* Data provided
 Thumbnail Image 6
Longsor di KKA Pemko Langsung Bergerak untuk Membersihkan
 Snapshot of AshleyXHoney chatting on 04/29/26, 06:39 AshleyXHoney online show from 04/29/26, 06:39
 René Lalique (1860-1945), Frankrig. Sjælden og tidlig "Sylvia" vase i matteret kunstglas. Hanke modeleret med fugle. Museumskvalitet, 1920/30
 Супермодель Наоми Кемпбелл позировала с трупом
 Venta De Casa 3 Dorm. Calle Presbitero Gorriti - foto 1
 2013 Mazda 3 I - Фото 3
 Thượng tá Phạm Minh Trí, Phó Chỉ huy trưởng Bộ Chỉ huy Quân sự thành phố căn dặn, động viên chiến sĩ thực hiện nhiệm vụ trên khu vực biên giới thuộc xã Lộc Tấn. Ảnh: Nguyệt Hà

--

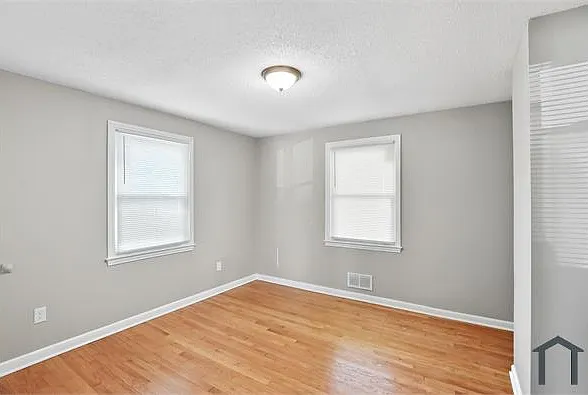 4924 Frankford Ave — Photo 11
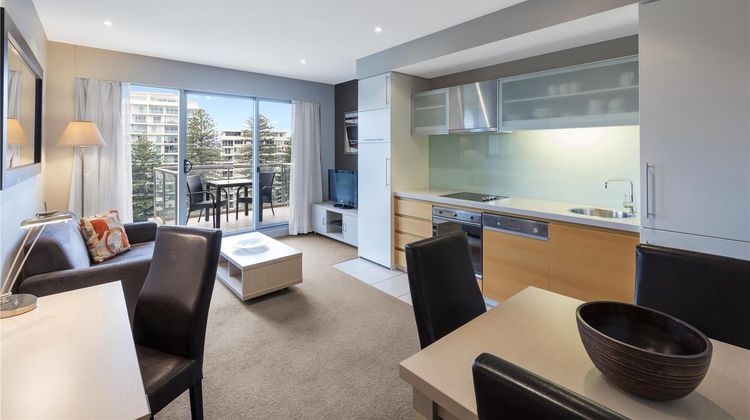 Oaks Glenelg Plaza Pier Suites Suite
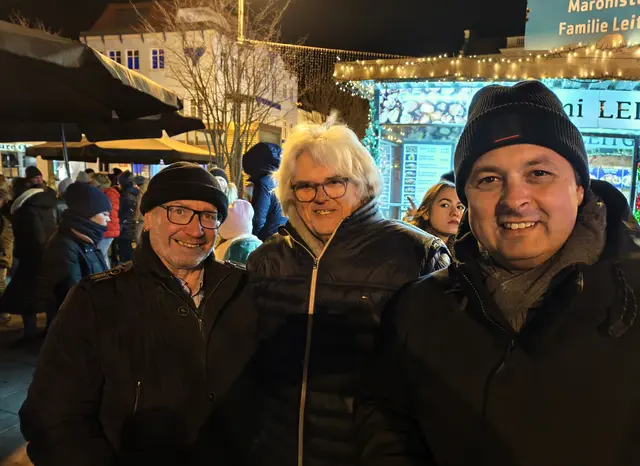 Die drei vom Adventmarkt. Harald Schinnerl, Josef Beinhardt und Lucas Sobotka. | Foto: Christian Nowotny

...

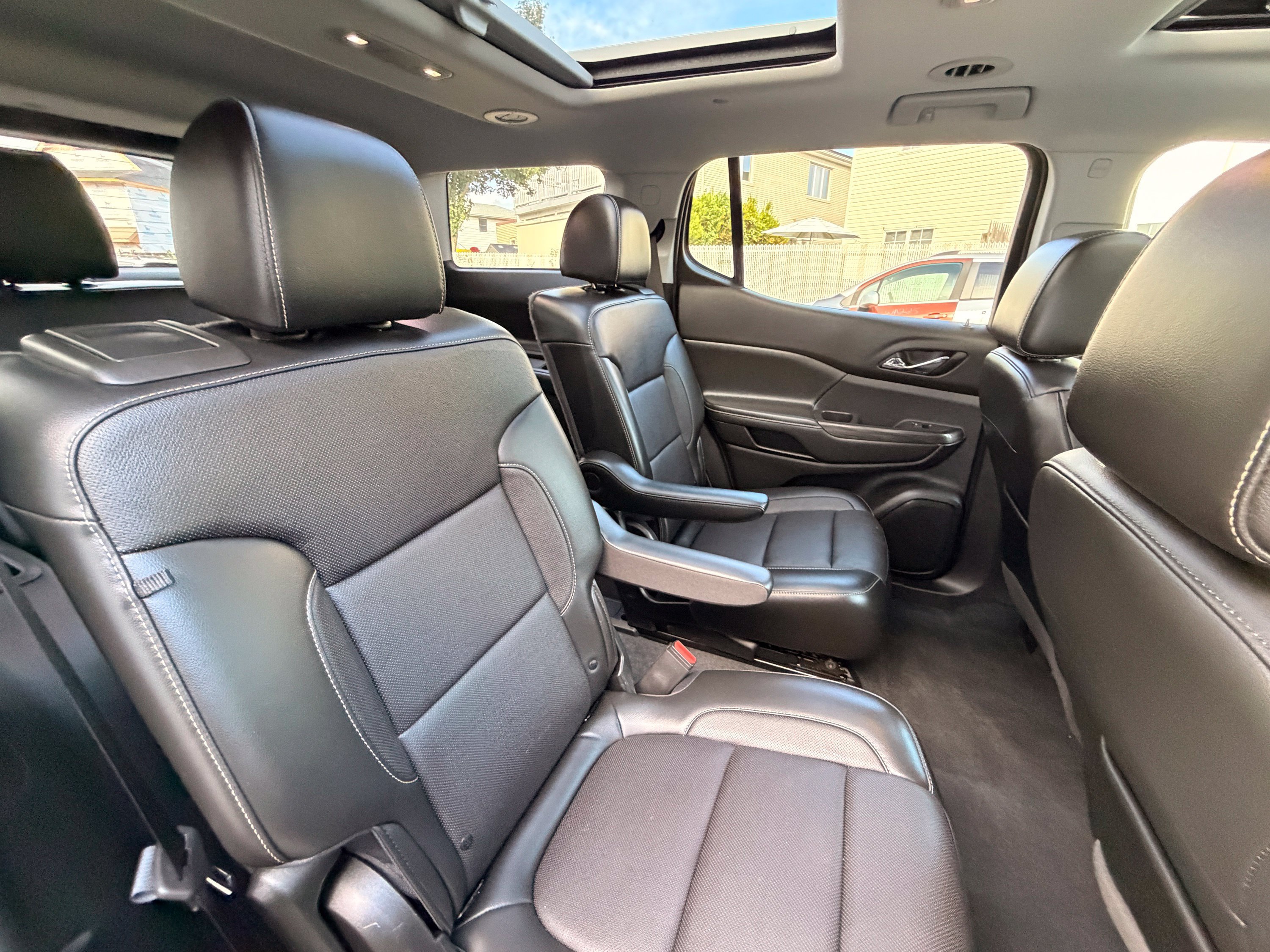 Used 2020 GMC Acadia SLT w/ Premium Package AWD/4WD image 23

* Work to complete
Once the line with "Venta De Casa" is found in the records above, print exactly that line and every line after it through the line with "Thượng tá Phạm".

* Solution below
 Venta De Casa 3 Dorm. Calle Presbitero Gorriti - foto 1
 2013 Mazda 3 I - Фото 3
 Thượng tá Phạm Minh Trí, Phó Chỉ huy trưởng Bộ Chỉ huy Quân sự thành phố căn dặn, động viên chiến sĩ thực hiện nhiệm vụ trên khu vực biên giới thuộc xã Lộc Tấn. Ảnh: Nguyệt Hà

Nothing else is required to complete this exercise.